Following my last post, I'm disappointed to see that California has voted for Proposition 8, banning same-sex marriage within the state. Quite how the same people can also vote for Barack Obama who opposed the proposition and specifically mentioned including gays in his acceptance speech I don't know, but I'm sure that the San Francisco Chronicle is correct that religious prejudices had something to do with it.

How much longer will we be held back by such crippling ignorance? When will people simply learn to live and let live? If consenting adults choose to live their lives in a particular way without adversely affecting anyone else, then where is the problem? This week has seen a great victory against racism, but there is clearly still a long way to go.

Wednesday, November 05, 2008

The Audacity of Hope

It wasn't our election, but it will surely affect us all. I'm so pleased that America has made the choice it has, for surely now at last the words of Thomas Jefferson will ring true: "We hold these truths to be self-evident, that all men are created equal". Let that message spread across the world.

Monday, November 03, 2008

Contact provisions implemented at last

At last we know when the new powers to resolve contact disputes under the Children and Adoption Act 2006 will be implemented. The provisions will come into force on the 8th December (not the 25th November, as I was originally informed). Just as a reminder, they include:
  • giving the court power to direct a party to undertake a 'contact activity';
  • providing the court with the power to attach a contact activity condition to contact orders;
  • enabling the court to award financial compensation from one person to another for losses arising from failure to comply with the order; and
  • enabling the court, upon application, to impose an unpaid work requirement on the person who breaches the contact order (an 'enforcement order' - see this post).
The draft rules (including forms) can be found, in PDF format, here.

Saturday, November 01, 2008

The Week in View 1st November 2008

Jack Straw and Sharia (Divorce Survivor)

The Unverifiable Truth (Pink Tape)

Muttley Dastardly LLP: Credit-crunch is for wimps…. (Charon QC)

Mr Justice X….the beginning (Charon QC)

In the Matter of: Criminals on probation committed 120 murders in two years (Charon QC)


I just thought I would share this picture I took this morning of an adolescent swan. A little blurry, I'm afraid (it wouldn't stay still for me!), but still captures its beauty. A reminder, perhaps, that our children are our hope for the future? If so, I can extend the metaphor - the little blighter nearly took my fingers off when I fed it some bread!

October Post of the Month

Before setting out on my monthly quest around the blawgosphere this morning for the best post in October (in my, completely subjective, opinion) I checked my blog feed reader, and quickly realised that I need look no further. I have mentioned here before The Times Family Justice Campaign for greater openness (see, for example, here), led by campaigning journalist Camilla Cavendish.
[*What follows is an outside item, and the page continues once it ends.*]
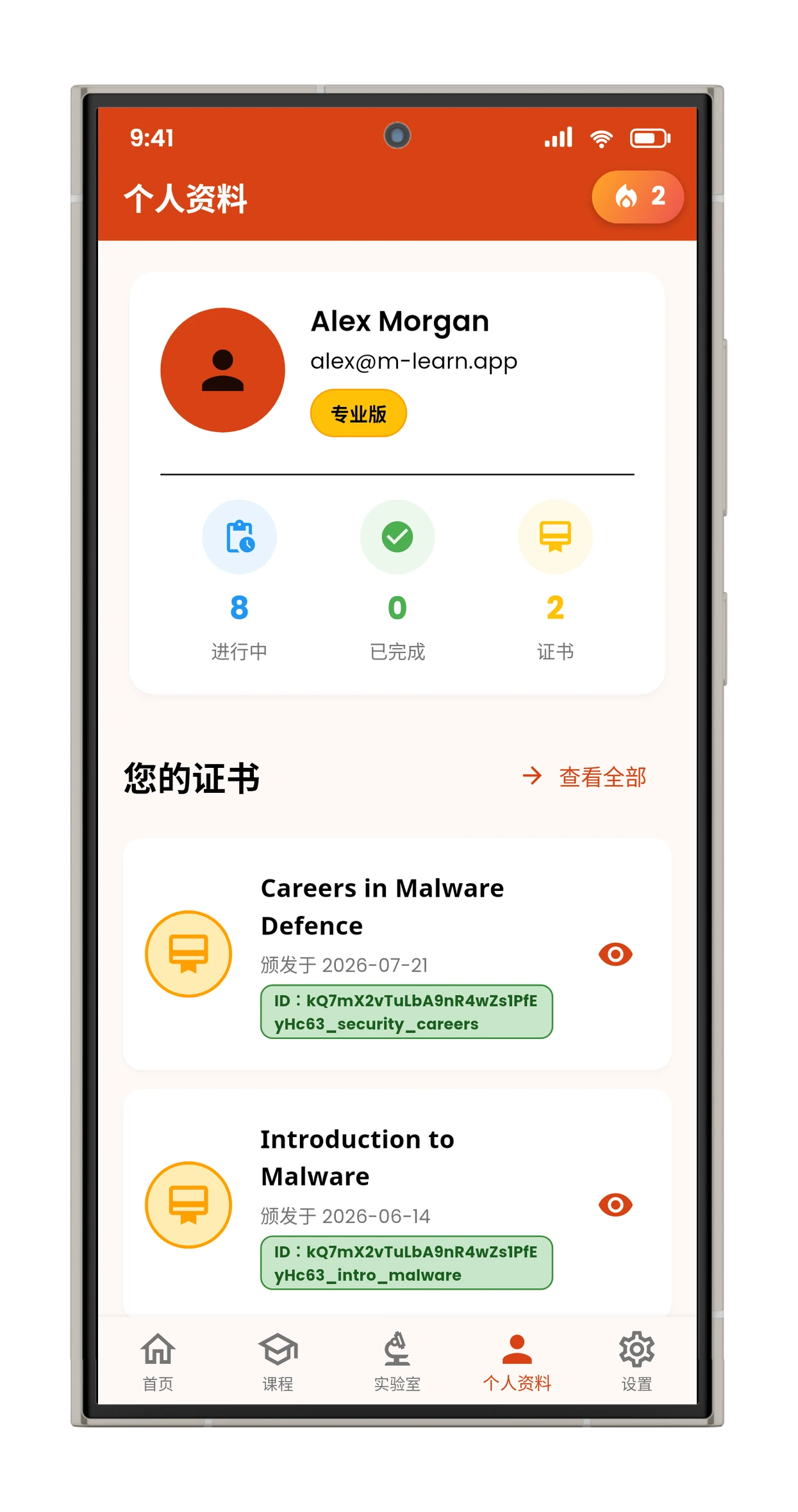 个人资料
Well, yesterday she was at it again, in an article entitled 'First battered at home and then by the State'. Lucy Reed at Pink Tape has picked up on the article in an excellent post entitled The Unverifiable Truth, pointing out that Cavendish relies for her campaign on completely unverifiable accounts of injustice, usually coming from the, hardly unbiased, mouths of parents who have had their children removed from their care. For providing this much-needed balance to the argument of opening up family justice (with which Lucy agrees, incidentally), this wins my prize for the October Post of the Month.

And so what should be the prize? Well, Lucy became a mother a few months back, so I thought I would send her a virtual year's supply of sleeping tablets - I'm sure she could use them.